## Instructions for the task:
Among the lines of the records, count those containing the word "background", then give the number alone.

Crawled caption data
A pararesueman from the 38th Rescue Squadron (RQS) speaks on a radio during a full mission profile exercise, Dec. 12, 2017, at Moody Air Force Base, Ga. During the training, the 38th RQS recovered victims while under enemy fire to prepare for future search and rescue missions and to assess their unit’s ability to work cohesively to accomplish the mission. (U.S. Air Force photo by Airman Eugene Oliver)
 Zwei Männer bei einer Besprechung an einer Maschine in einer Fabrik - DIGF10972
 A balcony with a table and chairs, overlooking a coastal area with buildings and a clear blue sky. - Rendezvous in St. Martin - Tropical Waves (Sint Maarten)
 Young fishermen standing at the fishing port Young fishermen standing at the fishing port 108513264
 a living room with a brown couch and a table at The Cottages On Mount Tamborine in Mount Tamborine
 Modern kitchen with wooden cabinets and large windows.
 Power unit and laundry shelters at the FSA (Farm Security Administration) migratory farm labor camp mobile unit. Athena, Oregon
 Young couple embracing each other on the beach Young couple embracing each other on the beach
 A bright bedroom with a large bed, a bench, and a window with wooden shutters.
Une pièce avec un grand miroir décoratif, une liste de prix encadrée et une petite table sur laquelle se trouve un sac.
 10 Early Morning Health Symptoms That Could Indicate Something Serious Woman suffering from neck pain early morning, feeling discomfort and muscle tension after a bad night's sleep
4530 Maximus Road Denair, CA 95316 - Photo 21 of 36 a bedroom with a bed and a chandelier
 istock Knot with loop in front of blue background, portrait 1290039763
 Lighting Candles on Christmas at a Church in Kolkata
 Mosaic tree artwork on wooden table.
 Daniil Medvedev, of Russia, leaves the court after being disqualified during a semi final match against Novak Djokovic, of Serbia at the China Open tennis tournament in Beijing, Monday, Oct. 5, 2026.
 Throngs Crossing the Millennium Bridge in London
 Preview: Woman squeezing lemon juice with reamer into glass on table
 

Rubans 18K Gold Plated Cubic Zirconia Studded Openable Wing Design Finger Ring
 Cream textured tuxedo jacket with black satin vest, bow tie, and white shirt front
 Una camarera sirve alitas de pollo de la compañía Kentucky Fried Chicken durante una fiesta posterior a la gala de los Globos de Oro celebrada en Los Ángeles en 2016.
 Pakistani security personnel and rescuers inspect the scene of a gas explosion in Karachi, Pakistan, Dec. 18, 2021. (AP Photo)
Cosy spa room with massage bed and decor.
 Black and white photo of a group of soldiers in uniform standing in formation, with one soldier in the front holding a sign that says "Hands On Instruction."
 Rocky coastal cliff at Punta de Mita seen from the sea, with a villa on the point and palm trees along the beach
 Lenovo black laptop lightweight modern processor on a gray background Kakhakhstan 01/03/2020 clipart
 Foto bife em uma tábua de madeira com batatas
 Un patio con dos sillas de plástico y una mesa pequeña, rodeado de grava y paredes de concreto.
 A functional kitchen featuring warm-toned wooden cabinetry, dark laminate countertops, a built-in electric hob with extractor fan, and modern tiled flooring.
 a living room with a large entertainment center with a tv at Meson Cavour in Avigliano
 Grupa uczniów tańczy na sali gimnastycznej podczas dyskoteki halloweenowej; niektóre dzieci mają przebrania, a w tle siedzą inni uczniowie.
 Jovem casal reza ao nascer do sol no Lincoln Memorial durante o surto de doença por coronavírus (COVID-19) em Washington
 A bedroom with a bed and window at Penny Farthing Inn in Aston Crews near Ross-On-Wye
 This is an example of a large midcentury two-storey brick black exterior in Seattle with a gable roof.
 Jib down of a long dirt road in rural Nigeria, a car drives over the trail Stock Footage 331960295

## Output for this exercise:
2